What is being asked
Make an exact copy of the entries, taking out every picture.

Supplied data
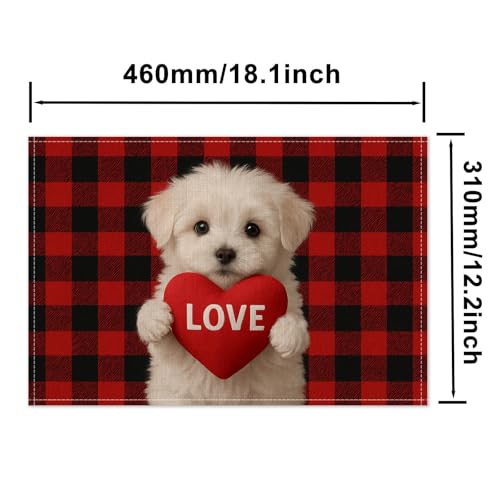HOMETITUTE Valentine Placemats Set of 4 - Red Plaid Puppy Design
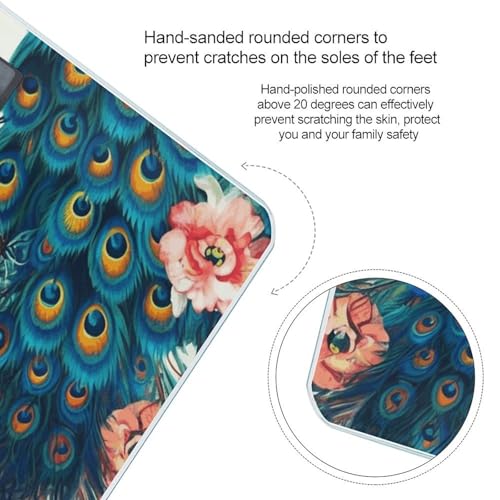 Báscula digital con diseño flores pavo real y vidrio templado miniatura 4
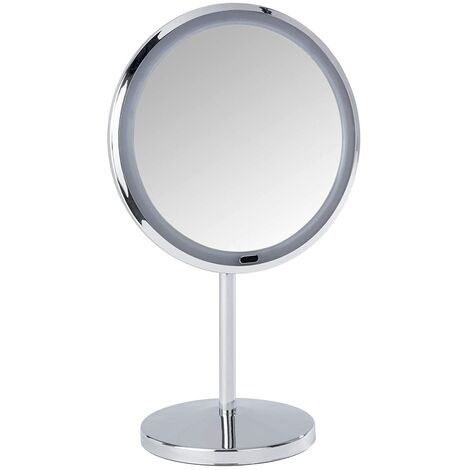 miroirs de rasage rotatifs de table,Chrome,3X Miroirs de maquillage sur pied miroir de vanité de comptoir en laiton double face de 8 pouces avec grossissement 3X/5X/7X/10X 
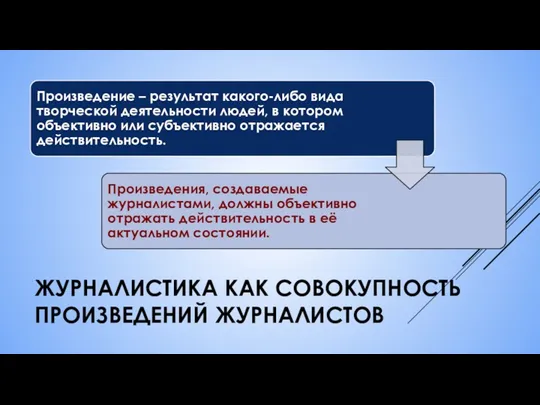 ЖУРНАЛИСТИКА КАК СОВОКУПНОСТЬ ПРОИЗВЕДЕНИЙ ЖУРНАЛИСТОВ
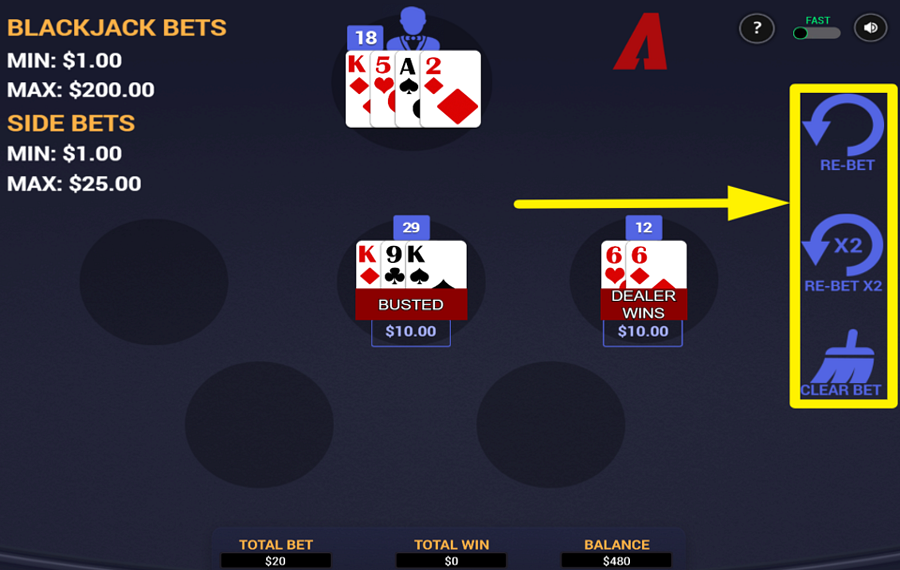 Arrows Edge Perfect Pairs Blackjack ПОВТОРИТЬ ТУР ПОСЛЕДНЕЙ СТАВКОЙ.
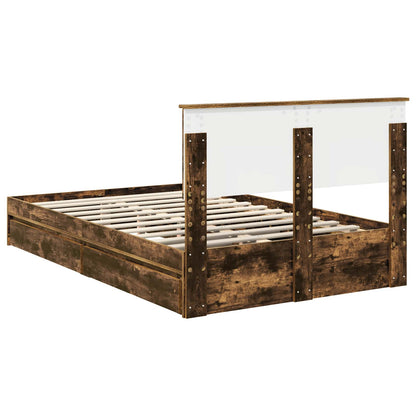 vidaXL Aufbewahrungsbett Geräucherte Eiche 135 x 190 cm Holzwerkstoff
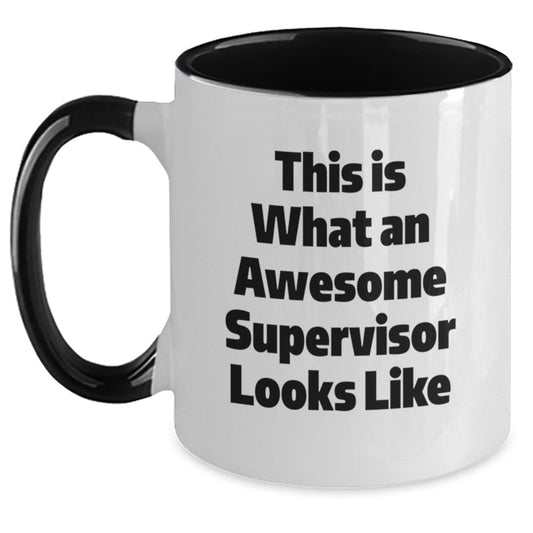 Funny Supervisor Gifts for Men - This Is What An Awesome Supervisor Looks Like, Two Tone Coffee Mug - Gifts from Men, for Supervisor - Victory Thru Vision
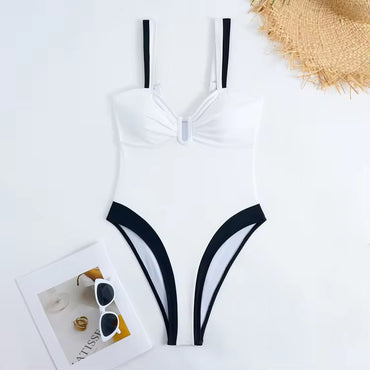 Monochrome Chic Sculpted One-Piece Swimsuit – White & Black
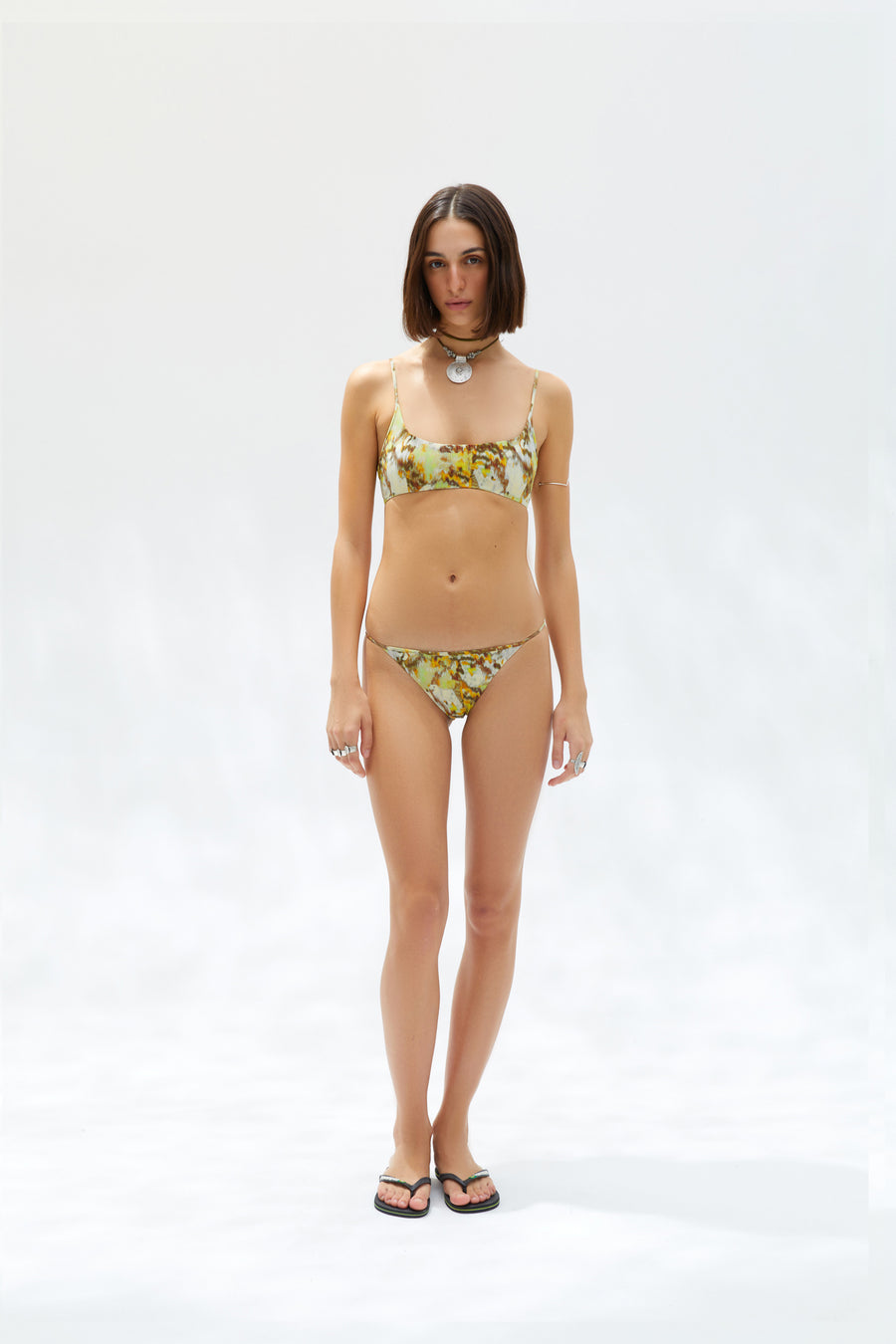 BANDY - Printed bandeau bikini top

Response
HOMETITUTE Valentine Placemats Set of 4 - Red Plaid Puppy Design
 Báscula digital con diseño flores pavo real y vidrio templado miniatura 4
 miroirs de rasage rotatifs de table,Chrome,3X Miroirs de maquillage sur pied miroir de vanité de comptoir en laiton double face de 8 pouces avec grossissement 3X/5X/7X/10X 
 ЖУРНАЛИСТИКА КАК СОВОКУПНОСТЬ ПРОИЗВЕДЕНИЙ ЖУРНАЛИСТОВ
 Arrows Edge Perfect Pairs Blackjack ПОВТОРИТЬ ТУР ПОСЛЕДНЕЙ СТАВКОЙ.
 vidaXL Aufbewahrungsbett Geräucherte Eiche 135 x 190 cm Holzwerkstoff
 Funny Supervisor Gifts for Men - This Is What An Awesome Supervisor Looks Like, Two Tone Coffee Mug - Gifts from Men, for Supervisor - Victory Thru Vision
 Monochrome Chic Sculpted One-Piece Swimsuit – White & Black
 BANDY - Printed bandeau bikini top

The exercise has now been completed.